5. If you're visiting Rome or any other Italian city no doubt you'll want to visit its historical sites (as you know, they're everywhere and hard to avoid). First, here's a warning to be careful to avoid pickpockets. On multiple occasions I've had swarms of very persistent kids swarm around me on the pretext of selling some grotty postcards or such and during the process they do everything possible to distract one and it's hard to keep track of what each one is doing. They're often in groups of six or more in number (and they're very common in and around Rome's main ruins). Moreover, some kids are very young and look harmless and genteel, but don't be fooled, they're not—they're all part of a well orchestrated team and you'll be done over if you're the slightest bit gullible and or not very careful. BTW, in this regard Rome was the worst of all the Italian cites I've visited.
Never leave your wallet, your smartphone and or your passport in the back or side pockets of your pants (or side pockets of your jacket). If you are wearing jeans then place valuables deep down in your front pockets, better still put them in a money belt that's under your shirt. Also, be very careful about looking after anything else that you're carrying, a camera for instance (it's also best not to go alone as members of one's group can keep an eye on each other).
Clearly, there's little point putting one's phone in an 'inaccessible' money belt, my solution for storing it safely but still within ready reach is to store it in the front pocket one's shirt. Warning however: as everyone knows, in recent years shirt pockets have atrophied in size to now being little more than a totally useless decoration. There are nevertheless several solutions: shirts from military disposals often have suitably large pockets, trouble is they either have no button or only a single button that almost everyone never bothers to button up. In either case when you lean over everything falls out including one's smartphone—crash, there's goes another screen, and that's the last thing you need on your trip. The best solution I've arrived at is to purchase several shirts of a suitable style well before one travels.
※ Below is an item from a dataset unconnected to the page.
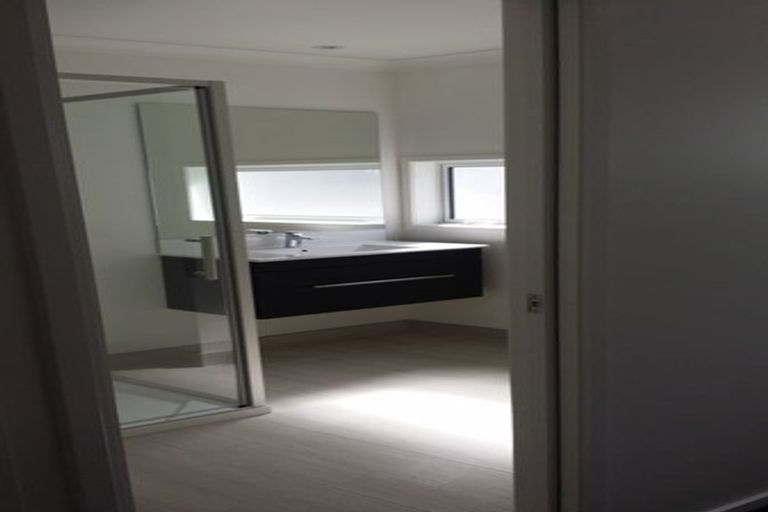 Photo of property in 3 Lockheed Street, Hobsonville, Auckland, 0618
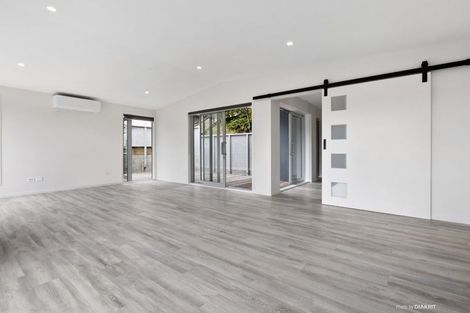 Photo of property in 83a Nevay Road, Miramar, Wellington, 6022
Safari, trail/outdoor or nautical-type shirts that have both decent sized top front pockets complete with easy-close zippers—which you learn to zip closed by automatic reflex every time you put your phone back in your pocket—are, in my opinion, the best option. This extra effort might seem a nuisance but I can assure you it's well worth it.
6. The horrors (perhaps terrors) of diving in Italy. You'll get quite a shock when you first drive in Italy—that's unless you come from France, Germany or other country where maniacal drivers are commonplace—even then Italy has a special place on the maniacal drivers register.
First, there are only two speeds in Italy—stop and flat out. Second, don't expect Italian drivers to obey the road rules in quite the same way that you'd expect that drivers do in anglophone countries, US, UK, Australia, etc. Yes, they actually obey road rules (sometimes) but what they'd deem as obeying the rules is very different, and it can take some experience and time to get used to the differences (eventually, you'll get the gist and be OK—that's if you're not killed first).
There are three memorable instances in my life where I actually thought I'd die before reaching my destination: the first was on the autobahn from Stuttgart to Freiberg when one of my work colleagues—a German who'd migrated but who was back in Germany with me—was driving a small car that'd often get 'airborne' whenever he'd overtake trucks and that was as often as he possibly could (nothing in front of him was too much of a challenge). As the car was small and under-powered, overtaking was slow and dangerous (yet behind the wheel he still drove like a 'Fangio Mark-II', fortunately for me, like the real Juan Fangio, he had nine lives (https://en.wikipedia.org/wiki/Juan_Manuel_Fangio). Incidentally, my colleague once used to race Minis.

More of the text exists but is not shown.